> _TASK TO COMPLETE_: The entries that follow need to be retyped verbatim.

> _SUPPLIED INFORMATION_:
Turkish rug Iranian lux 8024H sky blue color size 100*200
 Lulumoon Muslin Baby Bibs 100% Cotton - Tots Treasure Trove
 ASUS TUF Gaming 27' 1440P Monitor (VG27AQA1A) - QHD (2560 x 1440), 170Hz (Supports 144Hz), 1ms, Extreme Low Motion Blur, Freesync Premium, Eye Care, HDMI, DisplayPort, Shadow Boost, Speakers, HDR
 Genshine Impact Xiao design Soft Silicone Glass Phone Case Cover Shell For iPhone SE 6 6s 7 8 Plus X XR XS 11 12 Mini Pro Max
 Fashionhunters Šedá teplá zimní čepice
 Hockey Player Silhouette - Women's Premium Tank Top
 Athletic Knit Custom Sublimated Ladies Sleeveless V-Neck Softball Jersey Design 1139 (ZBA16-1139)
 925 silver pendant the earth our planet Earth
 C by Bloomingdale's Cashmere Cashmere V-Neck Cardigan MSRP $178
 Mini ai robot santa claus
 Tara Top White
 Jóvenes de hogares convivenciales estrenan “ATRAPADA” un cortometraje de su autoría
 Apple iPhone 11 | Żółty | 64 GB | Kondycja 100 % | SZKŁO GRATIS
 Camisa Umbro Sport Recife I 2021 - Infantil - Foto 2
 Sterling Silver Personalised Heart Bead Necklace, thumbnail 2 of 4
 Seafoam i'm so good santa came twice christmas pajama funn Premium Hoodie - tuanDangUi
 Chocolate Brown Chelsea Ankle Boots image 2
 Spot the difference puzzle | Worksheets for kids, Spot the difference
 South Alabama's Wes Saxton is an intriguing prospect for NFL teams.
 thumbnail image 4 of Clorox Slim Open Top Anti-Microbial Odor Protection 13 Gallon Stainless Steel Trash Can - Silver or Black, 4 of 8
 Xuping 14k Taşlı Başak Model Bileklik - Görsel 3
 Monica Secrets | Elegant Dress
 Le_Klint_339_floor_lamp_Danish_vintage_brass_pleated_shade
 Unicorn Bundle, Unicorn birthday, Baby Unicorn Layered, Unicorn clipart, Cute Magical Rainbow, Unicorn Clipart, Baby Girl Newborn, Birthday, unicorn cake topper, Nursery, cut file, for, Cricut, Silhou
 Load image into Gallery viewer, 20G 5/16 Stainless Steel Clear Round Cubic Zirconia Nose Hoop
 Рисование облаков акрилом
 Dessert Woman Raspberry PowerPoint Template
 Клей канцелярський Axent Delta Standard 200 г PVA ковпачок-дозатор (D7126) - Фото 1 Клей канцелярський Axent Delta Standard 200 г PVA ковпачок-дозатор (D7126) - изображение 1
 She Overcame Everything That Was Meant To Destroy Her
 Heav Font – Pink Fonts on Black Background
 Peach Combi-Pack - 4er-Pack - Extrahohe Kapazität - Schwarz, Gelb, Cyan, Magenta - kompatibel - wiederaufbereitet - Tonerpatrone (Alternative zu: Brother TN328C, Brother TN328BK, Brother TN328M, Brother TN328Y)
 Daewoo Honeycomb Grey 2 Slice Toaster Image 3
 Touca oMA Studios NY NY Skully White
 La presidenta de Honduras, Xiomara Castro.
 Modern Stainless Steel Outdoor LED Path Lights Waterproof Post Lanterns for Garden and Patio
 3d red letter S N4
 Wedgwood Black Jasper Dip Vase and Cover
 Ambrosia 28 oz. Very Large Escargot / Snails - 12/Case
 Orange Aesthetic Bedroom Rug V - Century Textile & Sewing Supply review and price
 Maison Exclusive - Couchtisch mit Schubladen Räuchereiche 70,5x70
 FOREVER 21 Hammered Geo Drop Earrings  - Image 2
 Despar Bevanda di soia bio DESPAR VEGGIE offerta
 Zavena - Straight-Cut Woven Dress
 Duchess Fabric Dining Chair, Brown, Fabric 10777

> _WRITTEN ANSWER_:
Turkish rug Iranian lux 8024H sky blue color size 100*200
 Lulumoon Muslin Baby Bibs 100% Cotton - Tots Treasure Trove
 ASUS TUF Gaming 27' 1440P Monitor (VG27AQA1A) - QHD (2560 x 1440), 170Hz (Supports 144Hz), 1ms, Extreme Low Motion Blur, Freesync Premium, Eye Care, HDMI, DisplayPort, Shadow Boost, Speakers, HDR
 Genshine Impact Xiao design Soft Silicone Glass Phone Case Cover Shell For iPhone SE 6 6s 7 8 Plus X XR XS 11 12 Mini Pro Max
 Fashionhunters Šedá teplá zimní čepice
 Hockey Player Silhouette - Women's Premium Tank Top
 Athletic Knit Custom Sublimated Ladies Sleeveless V-Neck Softball Jersey Design 1139 (ZBA16-1139)
 925 silver pendant the earth our planet Earth
 C by Bloomingdale's Cashmere Cashmere V-Neck Cardigan MSRP $178
 Mini ai robot santa claus
 Tara Top White
 Jóvenes de hogares convivenciales estrenan “ATRAPADA” un cortometraje de su autoría
 Apple iPhone 11 | Żółty | 64 GB | Kondycja 100 % | SZKŁO GRATIS
 Camisa Umbro Sport Recife I 2021 - Infantil - Foto 2
 Sterling Silver Personalised Heart Bead Necklace, thumbnail 2 of 4
 Seafoam i'm so good santa came twice christmas pajama funn Premium Hoodie - tuanDangUi
 Chocolate Brown Chelsea Ankle Boots image 2
 Spot the difference puzzle | Worksheets for kids, Spot the difference
 South Alabama's Wes Saxton is an intriguing prospect for NFL teams.
 thumbnail image 4 of Clorox Slim Open Top Anti-Microbial Odor Protection 13 Gallon Stainless Steel Trash Can - Silver or Black, 4 of 8
 Xuping 14k Taşlı Başak Model Bileklik - Görsel 3
 Monica Secrets | Elegant Dress
 Le_Klint_339_floor_lamp_Danish_vintage_brass_pleated_shade
 Unicorn Bundle, Unicorn birthday, Baby Unicorn Layered, Unicorn clipart, Cute Magical Rainbow, Unicorn Clipart, Baby Girl Newborn, Birthday, unicorn cake topper, Nursery, cut file, for, Cricut, Silhou
 Load image into Gallery viewer, 20G 5/16 Stainless Steel Clear Round Cubic Zirconia Nose Hoop
 Рисование облаков акрилом
 Dessert Woman Raspberry PowerPoint Template
 Клей канцелярський Axent Delta Standard 200 г PVA ковпачок-дозатор (D7126) - Фото 1 Клей канцелярський Axent Delta Standard 200 г PVA ковпачок-дозатор (D7126) - изображение 1
 She Overcame Everything That Was Meant To Destroy Her
 Heav Font – Pink Fonts on Black Background
 Peach Combi-Pack - 4er-Pack - Extrahohe Kapazität - Schwarz, Gelb, Cyan, Magenta - kompatibel - wiederaufbereitet - Tonerpatrone (Alternative zu: Brother TN328C, Brother TN328BK, Brother TN328M, Brother TN328Y)
 Daewoo Honeycomb Grey 2 Slice Toaster Image 3
 Touca oMA Studios NY NY Skully White
 La presidenta de Honduras, Xiomara Castro.
 Modern Stainless Steel Outdoor LED Path Lights Waterproof Post Lanterns for Garden and Patio
 3d red letter S N4
 Wedgwood Black Jasper Dip Vase and Cover
 Ambrosia 28 oz. Very Large Escargot / Snails - 12/Case
 Orange Aesthetic Bedroom Rug V - Century Textile & Sewing Supply review and price
 Maison Exclusive - Couchtisch mit Schubladen Räuchereiche 70,5x70
 FOREVER 21 Hammered Geo Drop Earrings  - Image 2
 Despar Bevanda di soia bio DESPAR VEGGIE offerta
 Zavena - Straight-Cut Woven Dress
 Duchess Fabric Dining Chair, Brown, Fabric 10777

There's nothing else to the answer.